Oliveira mostra que em 12 de fevereiro, o governo foi avisado oficialmente pelo Ministério do Trabalho que o FAT (Fundo de Amparo ao Trabalhador) precisaria de R$ 9 bilhões a mais de recursos além dos previstos e que o Fundo não arrecadaria outros R$ 5 bilhões, o que corresponde a um rombo de R$ 14 bilhões.

Como essas despesas são para pagamentos de benefícios aos trabalhadores, como o seguro-desemprego, elas não podem ser cortadas. A lei manda então que o governo corte despesas de áreas em que os pagamentos não são obrigatórios.

Segundo Oliveira, o governo teria a obrigação de cortar despesas até o fim do bimestre para cumprir a meta de economia estabelecida em lei, o que não foi feito. Pelo contrário, houve previsão de aumento de gastos.

“Isso é fraude”, aponta o procurador dizendo que o governo já sabia que não teria como cumprir com as despesas e mesmo assim aumento gastos discricionários em valores elevados num ano de eleição. “O Fies, por exemplo, passou de R$ 5 bilhões para R$ 12 bilhões”.

O procurador aponta que somente no 5º bimestre, o governo apresentou uma solução que, no julgamento dele, é ilegal.

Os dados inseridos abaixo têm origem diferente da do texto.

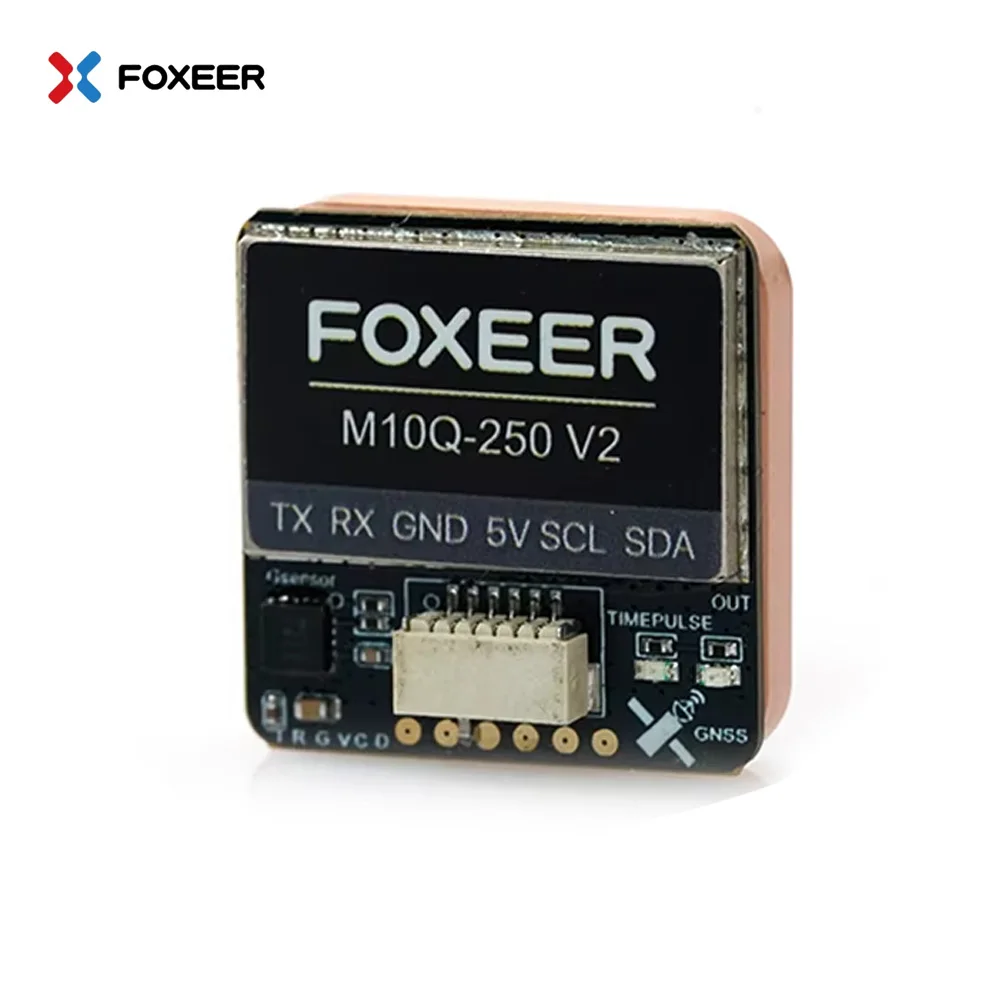 Foxeer M10Q 250 V2 GPS con Brú - Smart Home Logo reseña y precio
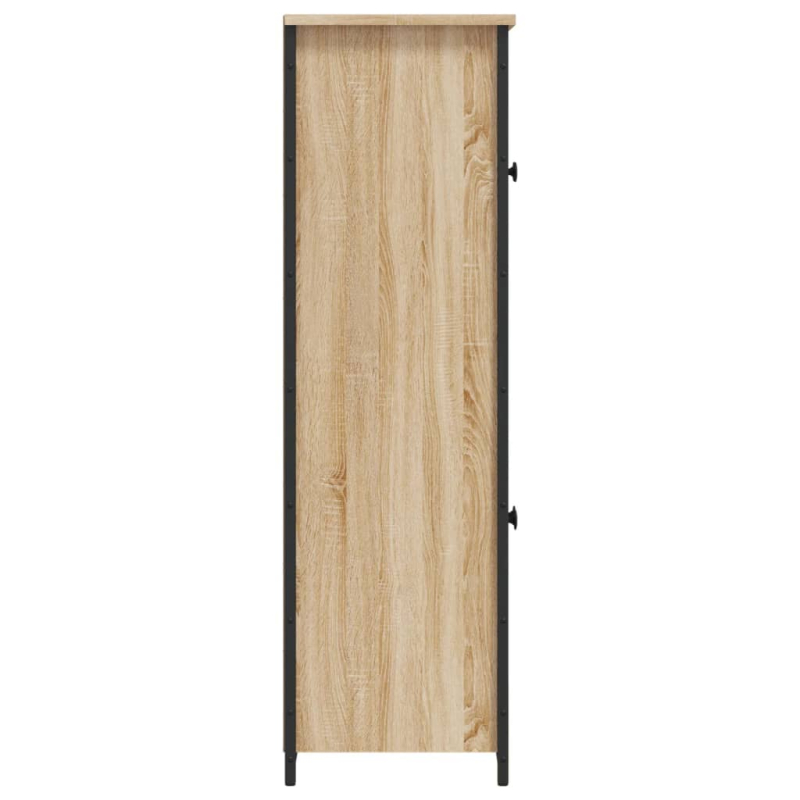 Highboard Sonoma-Eiche 62x32x106,5 cm Holzwerkstoff
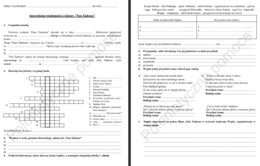 Sprawdzian. Kartkówki "Pan Tadeusz"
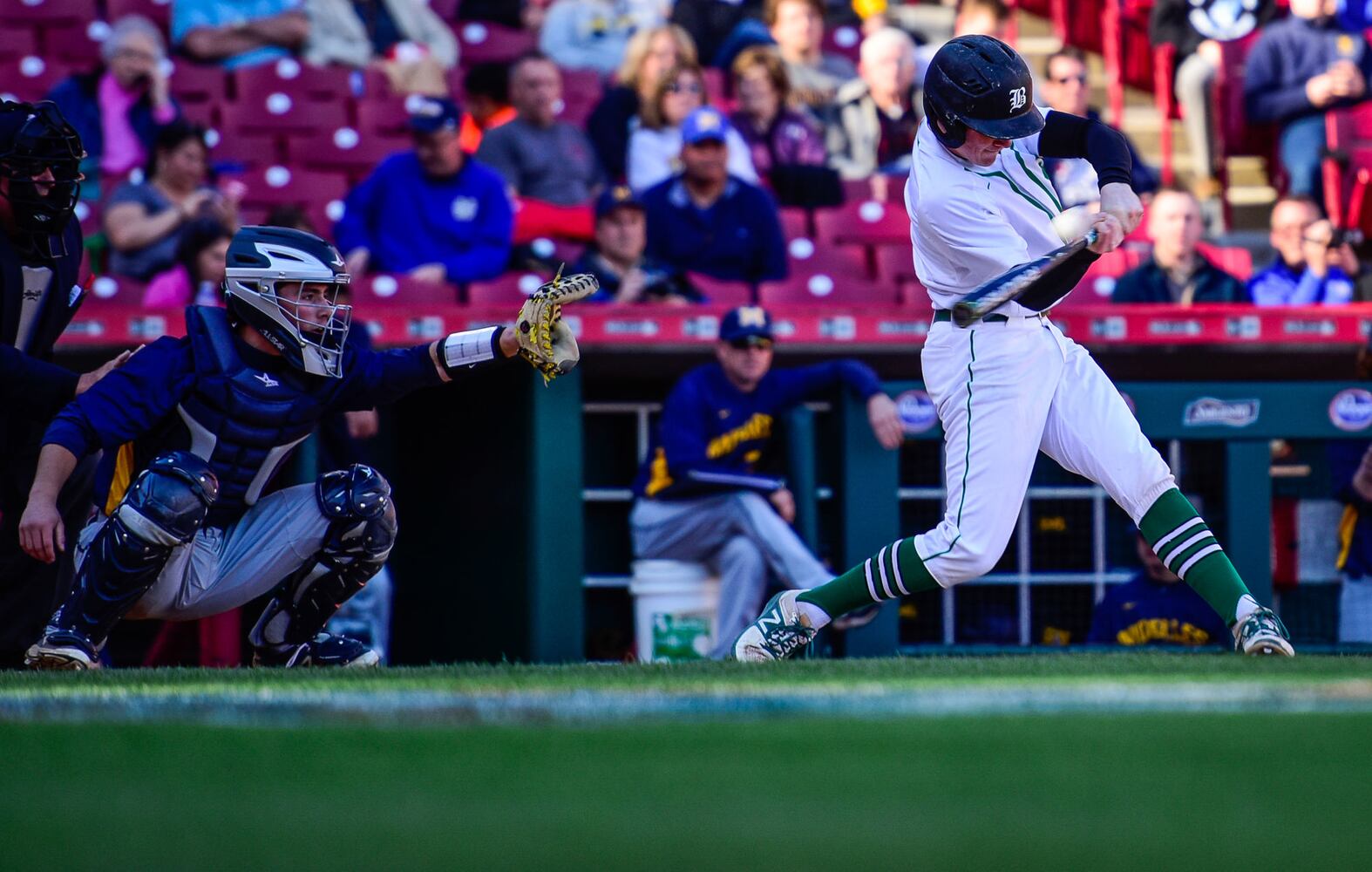 Badin vs Moeller Baseball at GABP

A solução foi apresentar um projeto de lei para acabar com o chamado limite de gastos e, assim, ficar livre para gastar mais do que arrecadou. O Congresso aprovou a medida.

“A presidente fez não apenas uma aposta legislativa como agravou consideravelmente o resultado fiscal [com esse ato]”, escreve o procurador.

Outro ato ilegal atribuído à presidente é o fato dela ter assinado três decretos permitindo aumentos de despesas em R$ 15 bilhões no fim do ano, cuja fonte de receita eram empréstimos realizados pelo governo.

A lei orçamentária previa que isso só poderia ser realizado por lei, o que precisa passar pelo Congresso e não foi feito.